Wyjechał, choć widok zasłaniała mu ciężarówka. Zderzył się z toyotą
11:55 19-10-2017
Do zdarzenia doszło w czwartek rano na węźle Węglin. Zderzyły się tam dwa samochody osobowe: ford i toyota. Na miejscu interweniowały służby ratunkowe.
Jak wstępnie ustalono, kierujący fordem mężczyzna wyjeżdżał z obwodnicy. Widok miała mu zasłonić ciężarówka. Wtedy doprowadził do zderzenia z toyotą. Oboje kierowcy opuścili pojazdy o własnych siłach.
Przez ponad godzinę występowały utrudnienia w ruchu. Policjanci ustalają teraz szczegółowe okoliczności zdarzenia.
Galeria zdjęć
(fot. lublin112, nadesłane Łukasz)
2017-10-19 11:48:55
Obój. Instrument taki.
Jeśli drugim samochodem kierowała kobieta, to jest w miarę ok, chociaż zgrabniej byłoby „oboje kierujący”.

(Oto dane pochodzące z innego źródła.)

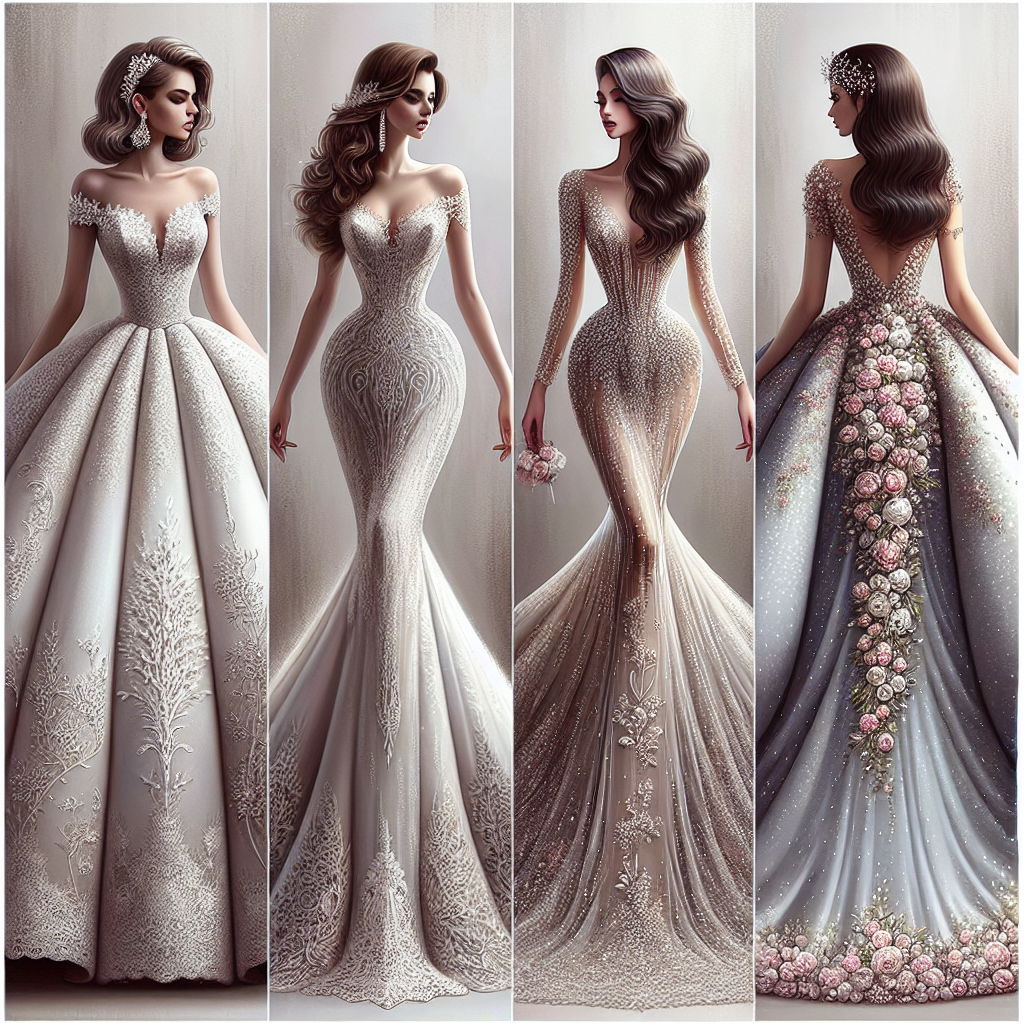 Imagine an array of stunning formal wedding dresses. The first is a grand ball gown with intricate lace detailing and a long, sweeping train, perfect for a Caucasian bride. The second is an elegant mermaid dress, adorned with delicate beadwork that glistens in the light, designed to beautifully accentuate a Middle-Eastern bride's silhouette. On the end, we see a unique A-line dress with floral appliques softly cascading down the skirt, ideal for an Asian bride. All the dresses have been carefully crafted to bring out the beauty of each bride, helping them find their perfect fit for their special day.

Jeśli zaś obaj kierowcy byli mężczyznami, to redaktor się czegoś nowego nauczy, o ile czyta komentarze.
No i kolejny… też mu mrugali? Nic nie widzę… to jadę….
Chociaż mi ostatnio też się tak zrobiło – wyjeżdżam z parkingu osiedlowego a przednia szyba zaczyna się robić biała, coraz bardziej biała – zachodzi parą i to momentalnie – jakby ktoś mleko na niej rozlał. Przystanąć nie ma gdzie – z tyłu auta… i jedź przez osiedle na czuja…
„Przystanąć nie ma gdzie” – samolotem leciałeś i potrzebujesz lotniska, żeby się zatrzymać, tym bardziej na osiedlówce?
Gdybyś zderzył się z kimś/z czymś to też byś się nie zatrzymał?
No i co z tego, że z tyłu auta? Bezpieczeństwo jest ważniejsze niż kilka minut na przetarcie szyby.
Masz się czym chwalić. Jeżeli nie potrafisz zapewnić sobie odpowiedniej widoczności kierując pojazdem – to powinieneś inny środek transportu sobie zapewnić.
Masz do wyboru: autobus, taxi, rower – szybka Ci w nim nie zaparuje.
„Wam kury szczać prowadzić, a nie pojazdy prowadzić”.
Czyz wczoraj nie pisalem o koniecznisci zamontowania sygnalizacji na kazdym zjezdzie bo prawo jazdy dostaja idioci
oj Franiu jakiś Ty pusty normalnie świętszy od Papieża , zawsze sumienny , w zabudowanym 49,9 km/h nie rób z siebie kretyna
Na pewno nie wiele szybciej. Nie mam z tym żadnego problemu, żeby przestrzegać ograniczeń prędkości. Jakbym rozwoził pizzę albo był kurierem, to być może inaczej do tego podchodził.
Przejechać te kilkanaście kilometrów dziennie (czasami trochę więcej) z przepisową prędkością nie robi mi więcej niż kilka minut różnicy.
Nie zaoszczędzę nawet czasu na wypalenie jednego papierosa. Choć już dawno rzuciłem palenie.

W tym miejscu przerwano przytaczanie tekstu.